Task details: Keeping every line intact, print the records that follow.

Input for this task:
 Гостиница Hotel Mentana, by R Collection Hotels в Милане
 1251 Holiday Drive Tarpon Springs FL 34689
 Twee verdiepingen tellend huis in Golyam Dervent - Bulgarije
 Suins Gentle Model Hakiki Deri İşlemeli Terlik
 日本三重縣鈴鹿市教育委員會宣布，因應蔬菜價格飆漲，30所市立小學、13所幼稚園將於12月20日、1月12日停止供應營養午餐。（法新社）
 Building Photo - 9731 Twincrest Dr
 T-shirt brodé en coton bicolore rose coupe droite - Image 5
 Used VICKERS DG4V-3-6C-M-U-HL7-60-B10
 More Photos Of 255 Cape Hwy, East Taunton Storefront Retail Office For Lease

Answer space:
 Гостиница Hotel Mentana, by R Collection Hotels в Милане
 1251 Holiday Drive Tarpon Springs FL 34689
 Twee verdiepingen tellend huis in Golyam Dervent - Bulgarije
 Suins Gentle Model Hakiki Deri İşlemeli Terlik
 日本三重縣鈴鹿市教育委員會宣布，因應蔬菜價格飆漲，30所市立小學、13所幼稚園將於12月20日、1月12日停止供應營養午餐。（法新社）
 Building Photo - 9731 Twincrest Dr
 T-shirt brodé en coton bicolore rose coupe droite - Image 5
 Used VICKERS DG4V-3-6C-M-U-HL7-60-B10
 More Photos Of 255 Cape Hwy, East Taunton Storefront Retail Office For Lease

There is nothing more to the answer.